This method identifies the corresponding parameter template

###get_objectDescriptor(self, item, resolving=False)

This method identifies the corresponding descriptor template (in this case, the objectDescriptor template). In our system, objectDescriptors are general descriptions of referents in the SemSpec (an "RD", or "Referent Descriptor"). The Core Specializer has no world model, so it can't actually determine a real-world referent, but it can package the information in a simple, accessible way, so that the Problem Solver can determine the real-world referent (or, in some cases, request clarification).

Besides simply filling in the values from the RD (ontological-category, givenness, gender, etc.), this method performs two key functions:

  1. Pointer inversion: it crawls the SemSpec and finds modifiers, such as adjectives or prepositional-phrases, that point to a given RD, and then incorporates this information into an objectDescriptor.
  2. Referent resolution: in the case of a pronoun or one-anaphora, the Core Specializer searches through its stack of previous referents, and attempts to unify the current objectDescriptor with a previous referent.

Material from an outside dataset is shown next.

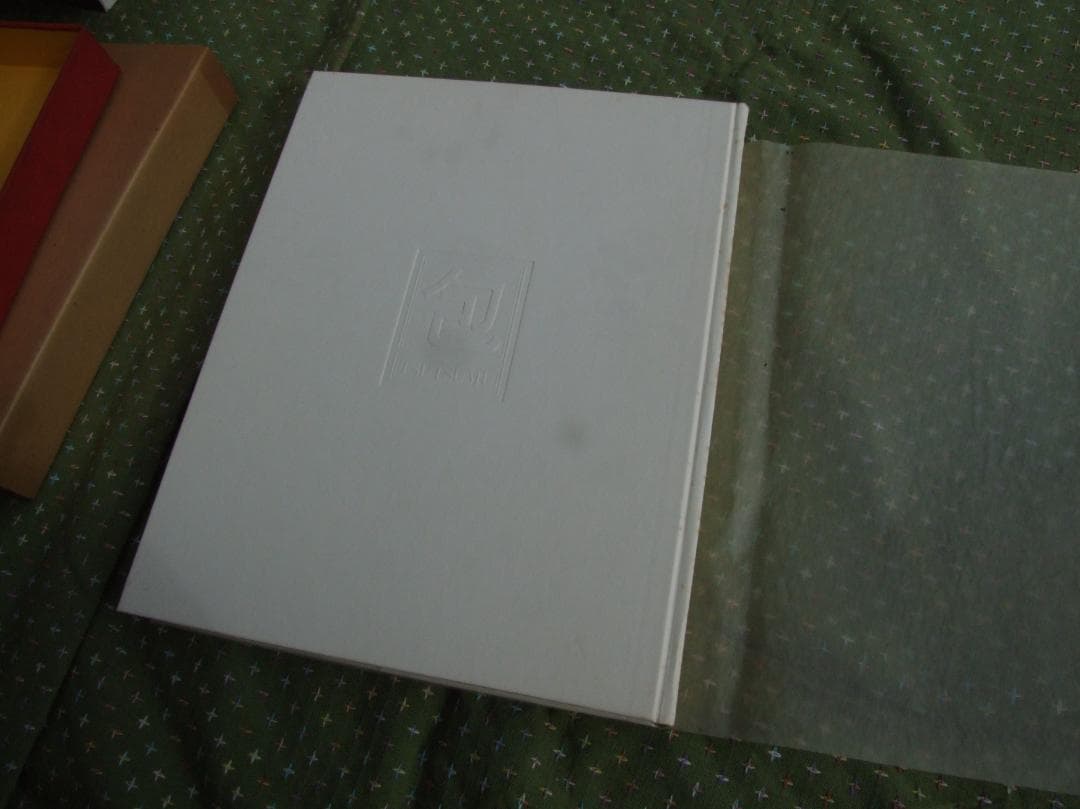 包　TSUTSUMU 岡秀行 著 毎日新聞社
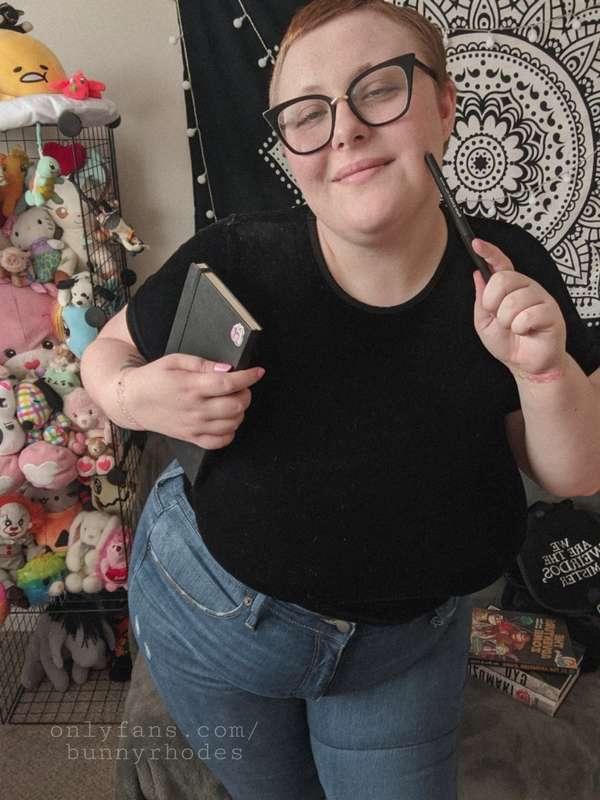 cum dump cutie✨
how would you use me?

For example, "the red box" might output an objectDescriptor that resembles the following:

{color: red
type: box,
givenness: uniquelyIdentifiable
number: singular}

###specialize_fragment(self, fs)

This specializes the SemSpec for a sentence fragment, such as "the red one", or another non-discourse utterance. The Core Specializer has procedures built in for the majority of the potential meanings in the core grammar. However, system integrators might want to subclass the Core-Specializer and extend this method to cover domain-specific meanings as well.